Data shown
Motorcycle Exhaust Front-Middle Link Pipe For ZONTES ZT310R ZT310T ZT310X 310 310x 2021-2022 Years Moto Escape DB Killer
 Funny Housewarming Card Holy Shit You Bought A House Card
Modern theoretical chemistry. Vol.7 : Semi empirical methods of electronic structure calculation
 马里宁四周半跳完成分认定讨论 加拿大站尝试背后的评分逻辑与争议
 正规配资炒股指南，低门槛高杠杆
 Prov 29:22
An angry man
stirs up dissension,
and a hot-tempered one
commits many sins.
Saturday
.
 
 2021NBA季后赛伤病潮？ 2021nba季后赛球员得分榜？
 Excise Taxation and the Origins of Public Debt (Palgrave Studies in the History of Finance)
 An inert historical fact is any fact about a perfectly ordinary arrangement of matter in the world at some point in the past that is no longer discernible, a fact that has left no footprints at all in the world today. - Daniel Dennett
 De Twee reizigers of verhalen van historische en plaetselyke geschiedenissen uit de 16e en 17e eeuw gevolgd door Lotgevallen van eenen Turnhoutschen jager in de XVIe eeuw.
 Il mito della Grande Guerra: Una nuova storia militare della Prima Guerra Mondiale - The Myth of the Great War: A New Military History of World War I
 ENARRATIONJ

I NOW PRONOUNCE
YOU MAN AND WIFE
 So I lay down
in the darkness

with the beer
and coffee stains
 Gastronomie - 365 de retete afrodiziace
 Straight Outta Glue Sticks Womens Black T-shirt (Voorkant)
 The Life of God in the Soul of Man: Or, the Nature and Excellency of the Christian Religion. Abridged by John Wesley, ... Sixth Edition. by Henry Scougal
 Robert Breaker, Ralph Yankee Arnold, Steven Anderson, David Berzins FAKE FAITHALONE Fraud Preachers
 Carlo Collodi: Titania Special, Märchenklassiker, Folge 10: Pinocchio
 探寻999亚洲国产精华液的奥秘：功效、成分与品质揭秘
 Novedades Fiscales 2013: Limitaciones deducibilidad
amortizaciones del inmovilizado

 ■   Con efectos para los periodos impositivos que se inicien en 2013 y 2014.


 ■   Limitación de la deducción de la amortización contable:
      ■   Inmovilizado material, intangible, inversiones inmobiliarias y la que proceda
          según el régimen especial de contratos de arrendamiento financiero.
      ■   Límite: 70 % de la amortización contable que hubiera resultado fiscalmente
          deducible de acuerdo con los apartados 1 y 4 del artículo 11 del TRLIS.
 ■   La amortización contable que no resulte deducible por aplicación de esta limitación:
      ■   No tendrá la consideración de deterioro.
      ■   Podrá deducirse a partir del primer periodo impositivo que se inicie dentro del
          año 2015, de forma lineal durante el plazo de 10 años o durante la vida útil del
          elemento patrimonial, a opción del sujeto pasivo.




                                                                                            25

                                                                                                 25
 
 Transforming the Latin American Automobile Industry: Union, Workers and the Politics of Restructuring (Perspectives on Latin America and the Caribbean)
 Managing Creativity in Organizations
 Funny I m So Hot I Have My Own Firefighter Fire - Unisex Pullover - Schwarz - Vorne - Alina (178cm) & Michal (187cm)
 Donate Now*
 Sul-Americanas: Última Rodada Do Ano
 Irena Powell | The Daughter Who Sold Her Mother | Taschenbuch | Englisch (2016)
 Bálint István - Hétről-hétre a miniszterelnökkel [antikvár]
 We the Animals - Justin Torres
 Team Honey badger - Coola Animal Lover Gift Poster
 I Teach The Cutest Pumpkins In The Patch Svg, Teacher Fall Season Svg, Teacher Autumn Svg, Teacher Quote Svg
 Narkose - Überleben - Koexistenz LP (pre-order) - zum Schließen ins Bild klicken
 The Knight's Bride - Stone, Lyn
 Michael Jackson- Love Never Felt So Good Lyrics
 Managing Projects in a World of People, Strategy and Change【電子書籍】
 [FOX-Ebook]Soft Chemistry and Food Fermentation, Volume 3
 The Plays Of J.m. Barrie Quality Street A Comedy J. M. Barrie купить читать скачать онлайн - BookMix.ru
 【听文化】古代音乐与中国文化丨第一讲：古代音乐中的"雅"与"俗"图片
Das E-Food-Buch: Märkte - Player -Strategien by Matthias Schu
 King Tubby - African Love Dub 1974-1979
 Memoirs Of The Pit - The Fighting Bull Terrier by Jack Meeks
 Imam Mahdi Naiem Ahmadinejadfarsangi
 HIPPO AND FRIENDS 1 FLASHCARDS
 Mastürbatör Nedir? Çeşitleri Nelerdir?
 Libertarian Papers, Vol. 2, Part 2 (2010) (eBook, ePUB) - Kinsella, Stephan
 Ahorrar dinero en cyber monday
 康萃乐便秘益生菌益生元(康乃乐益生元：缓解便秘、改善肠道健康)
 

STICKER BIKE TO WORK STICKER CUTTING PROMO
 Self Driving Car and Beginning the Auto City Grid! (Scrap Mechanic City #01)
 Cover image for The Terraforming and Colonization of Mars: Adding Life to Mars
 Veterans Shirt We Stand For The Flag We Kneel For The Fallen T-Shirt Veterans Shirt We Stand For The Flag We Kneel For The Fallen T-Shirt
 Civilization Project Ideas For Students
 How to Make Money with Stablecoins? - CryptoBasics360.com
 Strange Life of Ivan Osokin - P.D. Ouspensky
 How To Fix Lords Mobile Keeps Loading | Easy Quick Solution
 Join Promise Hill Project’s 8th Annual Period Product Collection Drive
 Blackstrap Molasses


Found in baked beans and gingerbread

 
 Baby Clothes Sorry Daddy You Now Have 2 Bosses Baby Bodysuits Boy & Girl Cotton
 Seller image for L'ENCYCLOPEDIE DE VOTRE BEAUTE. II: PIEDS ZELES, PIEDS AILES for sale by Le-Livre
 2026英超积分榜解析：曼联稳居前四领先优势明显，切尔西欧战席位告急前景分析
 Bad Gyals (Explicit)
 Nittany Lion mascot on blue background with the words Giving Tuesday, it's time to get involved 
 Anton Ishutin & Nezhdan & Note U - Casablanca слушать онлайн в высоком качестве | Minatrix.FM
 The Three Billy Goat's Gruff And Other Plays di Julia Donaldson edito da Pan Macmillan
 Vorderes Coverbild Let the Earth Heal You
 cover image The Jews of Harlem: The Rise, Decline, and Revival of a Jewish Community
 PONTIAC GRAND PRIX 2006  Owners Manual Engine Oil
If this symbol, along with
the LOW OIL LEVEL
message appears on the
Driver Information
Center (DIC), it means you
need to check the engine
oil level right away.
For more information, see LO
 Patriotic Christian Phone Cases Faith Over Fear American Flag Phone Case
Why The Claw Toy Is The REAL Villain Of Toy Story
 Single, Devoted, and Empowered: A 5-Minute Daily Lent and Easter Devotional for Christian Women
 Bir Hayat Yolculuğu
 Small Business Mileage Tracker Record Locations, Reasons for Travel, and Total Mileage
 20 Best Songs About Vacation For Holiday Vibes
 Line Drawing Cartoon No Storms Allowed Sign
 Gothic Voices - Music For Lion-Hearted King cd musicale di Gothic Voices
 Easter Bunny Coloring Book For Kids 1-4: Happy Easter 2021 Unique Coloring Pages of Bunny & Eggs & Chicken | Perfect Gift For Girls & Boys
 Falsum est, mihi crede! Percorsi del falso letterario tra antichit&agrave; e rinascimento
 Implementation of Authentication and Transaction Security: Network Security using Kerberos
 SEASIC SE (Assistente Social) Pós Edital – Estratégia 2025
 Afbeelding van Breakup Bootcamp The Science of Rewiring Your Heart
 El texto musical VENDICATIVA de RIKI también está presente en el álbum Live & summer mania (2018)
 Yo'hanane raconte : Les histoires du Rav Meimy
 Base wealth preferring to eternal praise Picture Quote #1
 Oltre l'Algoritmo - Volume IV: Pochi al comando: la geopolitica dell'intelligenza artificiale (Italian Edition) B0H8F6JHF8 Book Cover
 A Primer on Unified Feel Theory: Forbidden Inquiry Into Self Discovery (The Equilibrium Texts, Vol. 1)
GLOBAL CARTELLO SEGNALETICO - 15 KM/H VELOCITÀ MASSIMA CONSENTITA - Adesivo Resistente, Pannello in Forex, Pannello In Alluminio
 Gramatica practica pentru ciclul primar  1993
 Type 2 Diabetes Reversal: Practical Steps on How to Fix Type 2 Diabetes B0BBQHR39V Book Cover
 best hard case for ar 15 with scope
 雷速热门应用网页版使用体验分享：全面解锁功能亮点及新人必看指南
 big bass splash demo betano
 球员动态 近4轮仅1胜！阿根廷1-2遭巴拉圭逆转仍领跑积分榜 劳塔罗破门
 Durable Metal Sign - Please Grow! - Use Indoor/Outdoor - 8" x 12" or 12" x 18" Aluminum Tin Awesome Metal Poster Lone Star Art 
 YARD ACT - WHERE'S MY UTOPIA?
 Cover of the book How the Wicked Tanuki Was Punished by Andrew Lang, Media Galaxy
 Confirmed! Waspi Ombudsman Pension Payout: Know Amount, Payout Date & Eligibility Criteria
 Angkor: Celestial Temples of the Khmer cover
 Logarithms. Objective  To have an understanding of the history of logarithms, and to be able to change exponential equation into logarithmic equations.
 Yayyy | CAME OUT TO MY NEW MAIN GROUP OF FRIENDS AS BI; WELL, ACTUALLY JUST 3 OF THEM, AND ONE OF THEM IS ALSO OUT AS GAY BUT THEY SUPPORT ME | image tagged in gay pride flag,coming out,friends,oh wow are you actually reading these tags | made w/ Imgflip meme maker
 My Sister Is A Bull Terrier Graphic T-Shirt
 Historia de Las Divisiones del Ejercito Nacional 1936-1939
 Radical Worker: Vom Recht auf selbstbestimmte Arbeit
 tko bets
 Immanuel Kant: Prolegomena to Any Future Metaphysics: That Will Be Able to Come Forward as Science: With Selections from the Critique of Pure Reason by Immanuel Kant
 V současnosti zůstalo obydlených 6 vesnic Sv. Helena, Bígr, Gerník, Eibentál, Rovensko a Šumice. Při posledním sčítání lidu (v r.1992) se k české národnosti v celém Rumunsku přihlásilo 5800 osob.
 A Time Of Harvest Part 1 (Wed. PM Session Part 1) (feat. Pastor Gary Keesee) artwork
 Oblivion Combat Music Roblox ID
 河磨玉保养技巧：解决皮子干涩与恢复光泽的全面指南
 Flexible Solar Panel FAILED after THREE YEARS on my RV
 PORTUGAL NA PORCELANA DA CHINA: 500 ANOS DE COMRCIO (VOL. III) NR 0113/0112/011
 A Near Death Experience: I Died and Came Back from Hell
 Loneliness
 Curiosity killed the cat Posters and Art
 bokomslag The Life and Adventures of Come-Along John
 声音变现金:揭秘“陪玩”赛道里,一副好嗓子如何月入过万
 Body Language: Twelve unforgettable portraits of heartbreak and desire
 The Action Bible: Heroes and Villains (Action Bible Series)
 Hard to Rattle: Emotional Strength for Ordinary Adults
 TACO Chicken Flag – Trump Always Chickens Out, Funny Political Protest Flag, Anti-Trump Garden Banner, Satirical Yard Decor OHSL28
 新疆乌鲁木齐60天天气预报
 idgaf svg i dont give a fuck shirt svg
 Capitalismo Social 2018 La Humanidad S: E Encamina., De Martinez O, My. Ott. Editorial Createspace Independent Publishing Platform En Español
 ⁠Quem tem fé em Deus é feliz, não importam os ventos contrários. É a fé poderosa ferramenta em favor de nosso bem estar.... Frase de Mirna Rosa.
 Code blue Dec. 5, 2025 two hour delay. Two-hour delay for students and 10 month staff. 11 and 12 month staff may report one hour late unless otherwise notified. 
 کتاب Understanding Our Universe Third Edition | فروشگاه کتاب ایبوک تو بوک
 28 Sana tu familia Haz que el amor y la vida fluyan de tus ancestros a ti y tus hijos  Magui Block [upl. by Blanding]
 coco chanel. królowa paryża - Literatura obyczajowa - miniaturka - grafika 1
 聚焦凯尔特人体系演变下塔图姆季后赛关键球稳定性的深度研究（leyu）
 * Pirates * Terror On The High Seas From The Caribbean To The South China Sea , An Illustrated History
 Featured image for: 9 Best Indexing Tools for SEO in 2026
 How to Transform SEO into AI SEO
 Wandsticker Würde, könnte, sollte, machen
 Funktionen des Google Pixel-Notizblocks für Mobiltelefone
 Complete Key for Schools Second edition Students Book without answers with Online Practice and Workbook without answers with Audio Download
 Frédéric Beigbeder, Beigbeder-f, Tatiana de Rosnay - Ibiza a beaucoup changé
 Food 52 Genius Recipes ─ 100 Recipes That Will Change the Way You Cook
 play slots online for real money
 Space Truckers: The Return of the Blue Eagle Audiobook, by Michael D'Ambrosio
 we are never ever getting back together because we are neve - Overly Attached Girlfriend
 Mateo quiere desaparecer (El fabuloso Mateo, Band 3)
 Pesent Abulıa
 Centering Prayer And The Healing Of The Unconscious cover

What needs to be done
For this exercise, output exactly the lines above from the line with "Complete Key for" to the line with "we are never", counting both, and leave out the rest.

Solved problem
 Complete Key for Schools Second edition Students Book without answers with Online Practice and Workbook without answers with Audio Download
 Frédéric Beigbeder, Beigbeder-f, Tatiana de Rosnay - Ibiza a beaucoup changé
 Food 52 Genius Recipes ─ 100 Recipes That Will Change the Way You Cook
 play slots online for real money
 Space Truckers: The Return of the Blue Eagle Audiobook, by Michael D'Ambrosio
 we are never ever getting back together because we are neve - Overly Attached Girlfriend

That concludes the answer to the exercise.